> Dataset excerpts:
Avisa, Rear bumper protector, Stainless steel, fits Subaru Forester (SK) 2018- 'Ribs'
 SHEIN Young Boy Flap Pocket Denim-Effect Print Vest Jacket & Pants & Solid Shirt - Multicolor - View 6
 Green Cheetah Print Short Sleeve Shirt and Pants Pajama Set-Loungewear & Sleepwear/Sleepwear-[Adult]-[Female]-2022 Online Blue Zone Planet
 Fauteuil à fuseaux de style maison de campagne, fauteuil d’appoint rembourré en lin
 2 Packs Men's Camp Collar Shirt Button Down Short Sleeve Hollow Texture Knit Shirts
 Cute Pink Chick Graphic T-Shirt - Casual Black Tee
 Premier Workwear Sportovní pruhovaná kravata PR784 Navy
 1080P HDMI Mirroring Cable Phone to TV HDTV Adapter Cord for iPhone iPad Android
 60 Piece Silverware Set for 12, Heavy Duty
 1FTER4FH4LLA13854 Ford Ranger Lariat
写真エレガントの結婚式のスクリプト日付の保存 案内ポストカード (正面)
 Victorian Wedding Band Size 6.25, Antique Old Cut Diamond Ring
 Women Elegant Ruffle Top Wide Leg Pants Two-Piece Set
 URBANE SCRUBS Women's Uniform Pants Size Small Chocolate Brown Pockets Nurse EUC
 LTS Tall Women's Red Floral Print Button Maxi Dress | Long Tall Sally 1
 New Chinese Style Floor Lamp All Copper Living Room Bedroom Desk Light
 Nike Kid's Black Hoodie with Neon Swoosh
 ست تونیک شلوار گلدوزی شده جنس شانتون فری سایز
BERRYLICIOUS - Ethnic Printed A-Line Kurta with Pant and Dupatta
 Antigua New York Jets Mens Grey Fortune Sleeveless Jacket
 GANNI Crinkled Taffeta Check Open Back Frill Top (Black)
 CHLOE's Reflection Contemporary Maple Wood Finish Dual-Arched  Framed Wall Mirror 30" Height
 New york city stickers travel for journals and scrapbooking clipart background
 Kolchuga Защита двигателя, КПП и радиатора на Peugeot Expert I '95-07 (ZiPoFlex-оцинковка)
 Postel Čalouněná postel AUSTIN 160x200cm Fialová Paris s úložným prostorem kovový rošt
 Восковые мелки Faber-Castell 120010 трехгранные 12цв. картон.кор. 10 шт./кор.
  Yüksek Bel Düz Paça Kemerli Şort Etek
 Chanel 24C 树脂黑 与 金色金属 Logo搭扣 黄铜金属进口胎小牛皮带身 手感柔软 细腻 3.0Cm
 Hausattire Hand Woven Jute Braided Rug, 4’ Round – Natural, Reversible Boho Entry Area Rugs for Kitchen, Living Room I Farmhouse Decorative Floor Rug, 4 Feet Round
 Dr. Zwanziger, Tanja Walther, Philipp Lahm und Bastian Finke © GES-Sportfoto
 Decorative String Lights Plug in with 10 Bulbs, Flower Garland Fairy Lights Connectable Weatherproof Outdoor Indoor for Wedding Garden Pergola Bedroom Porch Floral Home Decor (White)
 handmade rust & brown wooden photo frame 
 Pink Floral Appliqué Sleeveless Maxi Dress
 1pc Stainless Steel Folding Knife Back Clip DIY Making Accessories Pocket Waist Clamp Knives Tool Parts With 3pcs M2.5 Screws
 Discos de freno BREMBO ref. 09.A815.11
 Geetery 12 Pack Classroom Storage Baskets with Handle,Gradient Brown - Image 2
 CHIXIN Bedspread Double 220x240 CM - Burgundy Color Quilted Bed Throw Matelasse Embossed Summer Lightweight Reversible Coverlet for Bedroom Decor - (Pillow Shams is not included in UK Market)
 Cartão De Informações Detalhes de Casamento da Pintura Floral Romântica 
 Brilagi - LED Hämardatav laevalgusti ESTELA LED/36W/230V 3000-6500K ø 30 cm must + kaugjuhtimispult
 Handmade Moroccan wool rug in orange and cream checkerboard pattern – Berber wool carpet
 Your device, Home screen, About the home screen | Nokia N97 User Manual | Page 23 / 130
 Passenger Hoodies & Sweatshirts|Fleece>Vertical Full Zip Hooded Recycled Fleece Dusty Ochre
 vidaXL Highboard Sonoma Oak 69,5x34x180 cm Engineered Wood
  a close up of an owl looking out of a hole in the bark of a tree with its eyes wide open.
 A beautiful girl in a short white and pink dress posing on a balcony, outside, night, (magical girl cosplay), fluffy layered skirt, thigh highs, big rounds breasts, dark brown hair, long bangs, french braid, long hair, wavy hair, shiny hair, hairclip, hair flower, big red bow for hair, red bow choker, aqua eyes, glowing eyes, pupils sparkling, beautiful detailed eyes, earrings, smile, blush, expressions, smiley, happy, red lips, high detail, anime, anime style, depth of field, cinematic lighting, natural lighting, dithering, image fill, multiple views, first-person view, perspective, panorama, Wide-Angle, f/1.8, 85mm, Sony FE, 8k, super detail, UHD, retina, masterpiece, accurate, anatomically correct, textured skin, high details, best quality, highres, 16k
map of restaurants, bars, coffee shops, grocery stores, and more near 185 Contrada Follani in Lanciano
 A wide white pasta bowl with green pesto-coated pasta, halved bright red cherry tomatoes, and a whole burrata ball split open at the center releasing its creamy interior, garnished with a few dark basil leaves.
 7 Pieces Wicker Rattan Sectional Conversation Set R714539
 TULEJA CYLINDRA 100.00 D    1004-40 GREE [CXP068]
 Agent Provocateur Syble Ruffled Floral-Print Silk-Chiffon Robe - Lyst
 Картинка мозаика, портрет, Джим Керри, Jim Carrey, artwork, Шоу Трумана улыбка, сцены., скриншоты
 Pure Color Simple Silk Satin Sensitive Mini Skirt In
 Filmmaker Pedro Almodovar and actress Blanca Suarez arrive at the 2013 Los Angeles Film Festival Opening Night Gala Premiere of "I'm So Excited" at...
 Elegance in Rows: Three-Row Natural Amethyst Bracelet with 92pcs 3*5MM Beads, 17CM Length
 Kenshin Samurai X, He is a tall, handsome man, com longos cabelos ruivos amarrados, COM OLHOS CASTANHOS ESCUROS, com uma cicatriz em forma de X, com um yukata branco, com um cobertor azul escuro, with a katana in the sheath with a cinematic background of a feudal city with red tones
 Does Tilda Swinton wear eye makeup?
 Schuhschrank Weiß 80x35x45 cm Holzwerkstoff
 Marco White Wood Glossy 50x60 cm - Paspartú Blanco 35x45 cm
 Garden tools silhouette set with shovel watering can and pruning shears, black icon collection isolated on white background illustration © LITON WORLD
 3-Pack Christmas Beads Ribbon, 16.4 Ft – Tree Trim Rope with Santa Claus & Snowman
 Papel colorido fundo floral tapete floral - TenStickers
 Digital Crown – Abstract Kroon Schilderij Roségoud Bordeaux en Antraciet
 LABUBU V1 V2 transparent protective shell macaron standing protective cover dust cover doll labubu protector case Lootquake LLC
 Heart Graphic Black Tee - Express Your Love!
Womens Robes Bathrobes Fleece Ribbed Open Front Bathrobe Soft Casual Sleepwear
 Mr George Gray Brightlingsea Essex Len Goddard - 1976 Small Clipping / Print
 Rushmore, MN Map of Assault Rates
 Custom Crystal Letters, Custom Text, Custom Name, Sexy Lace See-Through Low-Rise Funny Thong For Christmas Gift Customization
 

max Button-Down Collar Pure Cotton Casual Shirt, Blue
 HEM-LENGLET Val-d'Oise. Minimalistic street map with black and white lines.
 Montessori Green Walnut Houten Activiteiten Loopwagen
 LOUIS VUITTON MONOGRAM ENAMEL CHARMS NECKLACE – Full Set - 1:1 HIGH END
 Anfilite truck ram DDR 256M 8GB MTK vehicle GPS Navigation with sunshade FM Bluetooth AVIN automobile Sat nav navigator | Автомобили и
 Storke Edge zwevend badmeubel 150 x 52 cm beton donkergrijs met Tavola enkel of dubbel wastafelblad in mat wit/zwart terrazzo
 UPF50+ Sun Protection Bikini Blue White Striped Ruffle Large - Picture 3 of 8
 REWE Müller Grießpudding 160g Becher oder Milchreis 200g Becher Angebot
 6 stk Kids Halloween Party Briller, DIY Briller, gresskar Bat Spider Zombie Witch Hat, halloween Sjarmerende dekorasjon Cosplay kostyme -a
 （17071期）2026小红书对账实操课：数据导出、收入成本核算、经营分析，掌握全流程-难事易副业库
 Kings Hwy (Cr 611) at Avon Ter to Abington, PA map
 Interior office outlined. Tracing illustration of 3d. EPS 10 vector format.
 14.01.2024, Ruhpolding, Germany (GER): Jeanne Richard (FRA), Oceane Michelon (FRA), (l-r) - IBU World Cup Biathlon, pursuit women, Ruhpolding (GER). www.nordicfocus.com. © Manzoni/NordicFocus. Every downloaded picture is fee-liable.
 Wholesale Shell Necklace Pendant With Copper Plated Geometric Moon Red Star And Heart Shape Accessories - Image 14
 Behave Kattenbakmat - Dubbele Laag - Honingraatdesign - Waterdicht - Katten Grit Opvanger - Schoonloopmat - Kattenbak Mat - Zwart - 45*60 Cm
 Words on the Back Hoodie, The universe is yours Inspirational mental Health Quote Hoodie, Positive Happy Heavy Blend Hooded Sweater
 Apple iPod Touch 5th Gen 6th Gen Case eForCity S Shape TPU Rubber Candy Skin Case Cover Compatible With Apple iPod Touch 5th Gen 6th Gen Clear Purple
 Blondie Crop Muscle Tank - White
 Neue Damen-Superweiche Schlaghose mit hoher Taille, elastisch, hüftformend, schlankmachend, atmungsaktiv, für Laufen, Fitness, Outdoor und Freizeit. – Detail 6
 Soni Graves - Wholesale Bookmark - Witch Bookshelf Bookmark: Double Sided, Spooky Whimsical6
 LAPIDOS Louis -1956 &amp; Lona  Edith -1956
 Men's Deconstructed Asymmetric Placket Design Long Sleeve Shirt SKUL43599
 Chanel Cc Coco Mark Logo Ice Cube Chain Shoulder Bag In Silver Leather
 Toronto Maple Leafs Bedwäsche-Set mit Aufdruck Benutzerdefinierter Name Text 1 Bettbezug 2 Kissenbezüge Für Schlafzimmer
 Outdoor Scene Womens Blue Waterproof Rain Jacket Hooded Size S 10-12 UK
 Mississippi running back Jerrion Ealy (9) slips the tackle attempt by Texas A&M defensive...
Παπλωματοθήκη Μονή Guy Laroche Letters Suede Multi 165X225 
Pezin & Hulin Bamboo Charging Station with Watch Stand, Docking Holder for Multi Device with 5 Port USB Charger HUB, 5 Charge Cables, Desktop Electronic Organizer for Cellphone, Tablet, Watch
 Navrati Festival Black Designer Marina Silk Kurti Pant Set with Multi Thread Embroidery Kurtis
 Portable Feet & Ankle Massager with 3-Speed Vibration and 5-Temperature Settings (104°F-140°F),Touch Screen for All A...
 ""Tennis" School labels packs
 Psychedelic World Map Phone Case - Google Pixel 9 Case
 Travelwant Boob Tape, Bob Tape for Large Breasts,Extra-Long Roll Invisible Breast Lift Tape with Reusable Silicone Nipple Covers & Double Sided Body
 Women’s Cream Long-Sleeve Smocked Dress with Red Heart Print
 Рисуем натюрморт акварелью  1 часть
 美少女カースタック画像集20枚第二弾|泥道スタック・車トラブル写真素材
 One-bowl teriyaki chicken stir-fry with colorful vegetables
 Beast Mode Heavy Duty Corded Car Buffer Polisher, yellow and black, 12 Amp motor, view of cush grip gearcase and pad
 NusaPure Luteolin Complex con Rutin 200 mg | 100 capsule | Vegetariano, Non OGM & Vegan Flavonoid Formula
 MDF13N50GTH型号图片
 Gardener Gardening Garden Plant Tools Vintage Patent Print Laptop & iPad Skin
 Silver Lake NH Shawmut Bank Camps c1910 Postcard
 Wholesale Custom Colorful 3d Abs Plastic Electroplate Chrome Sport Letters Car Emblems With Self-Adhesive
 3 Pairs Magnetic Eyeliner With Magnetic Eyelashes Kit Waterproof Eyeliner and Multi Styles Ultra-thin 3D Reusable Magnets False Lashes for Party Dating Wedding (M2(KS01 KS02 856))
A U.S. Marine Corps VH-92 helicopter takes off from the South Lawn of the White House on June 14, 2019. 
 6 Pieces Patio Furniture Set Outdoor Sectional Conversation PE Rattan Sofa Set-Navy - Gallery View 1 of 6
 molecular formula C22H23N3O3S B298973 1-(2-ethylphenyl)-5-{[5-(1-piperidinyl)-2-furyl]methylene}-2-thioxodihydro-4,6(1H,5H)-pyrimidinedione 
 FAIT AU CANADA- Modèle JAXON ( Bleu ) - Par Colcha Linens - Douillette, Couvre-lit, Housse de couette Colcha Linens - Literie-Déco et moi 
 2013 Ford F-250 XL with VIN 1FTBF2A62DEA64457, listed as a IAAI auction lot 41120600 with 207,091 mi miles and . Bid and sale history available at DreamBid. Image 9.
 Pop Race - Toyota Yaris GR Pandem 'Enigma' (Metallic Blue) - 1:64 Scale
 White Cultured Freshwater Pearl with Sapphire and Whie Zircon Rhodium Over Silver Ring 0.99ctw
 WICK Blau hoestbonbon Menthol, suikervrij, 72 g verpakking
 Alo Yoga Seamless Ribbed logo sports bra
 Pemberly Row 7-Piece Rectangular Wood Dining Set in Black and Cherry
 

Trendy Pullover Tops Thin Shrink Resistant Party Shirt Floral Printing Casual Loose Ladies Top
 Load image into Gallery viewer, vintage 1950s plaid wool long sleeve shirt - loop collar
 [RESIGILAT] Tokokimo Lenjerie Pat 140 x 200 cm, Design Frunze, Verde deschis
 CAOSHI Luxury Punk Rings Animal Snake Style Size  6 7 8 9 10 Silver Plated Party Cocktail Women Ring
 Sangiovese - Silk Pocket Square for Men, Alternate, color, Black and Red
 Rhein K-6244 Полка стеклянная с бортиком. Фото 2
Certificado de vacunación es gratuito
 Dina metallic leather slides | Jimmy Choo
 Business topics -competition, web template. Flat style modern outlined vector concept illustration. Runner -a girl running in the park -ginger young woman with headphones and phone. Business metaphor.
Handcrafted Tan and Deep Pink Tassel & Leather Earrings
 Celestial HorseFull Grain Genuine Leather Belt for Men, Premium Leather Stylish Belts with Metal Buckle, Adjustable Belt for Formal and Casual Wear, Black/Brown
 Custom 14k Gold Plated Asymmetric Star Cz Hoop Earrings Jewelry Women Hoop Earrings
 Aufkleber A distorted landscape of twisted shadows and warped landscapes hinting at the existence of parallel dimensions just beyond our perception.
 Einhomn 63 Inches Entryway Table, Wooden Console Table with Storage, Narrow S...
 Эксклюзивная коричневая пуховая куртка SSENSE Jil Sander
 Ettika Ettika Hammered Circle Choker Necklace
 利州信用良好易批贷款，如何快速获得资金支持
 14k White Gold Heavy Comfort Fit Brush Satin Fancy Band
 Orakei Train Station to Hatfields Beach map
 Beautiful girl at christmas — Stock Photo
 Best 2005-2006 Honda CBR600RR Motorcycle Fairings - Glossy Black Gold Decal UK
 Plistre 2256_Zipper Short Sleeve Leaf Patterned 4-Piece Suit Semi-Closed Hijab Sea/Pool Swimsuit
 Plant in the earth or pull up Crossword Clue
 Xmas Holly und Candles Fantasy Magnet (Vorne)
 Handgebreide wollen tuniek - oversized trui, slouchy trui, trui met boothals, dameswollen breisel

> What the exercise asks: Among the lines of the data above, count those containing the word "Garden" and report the total alone.

> Task solution: 3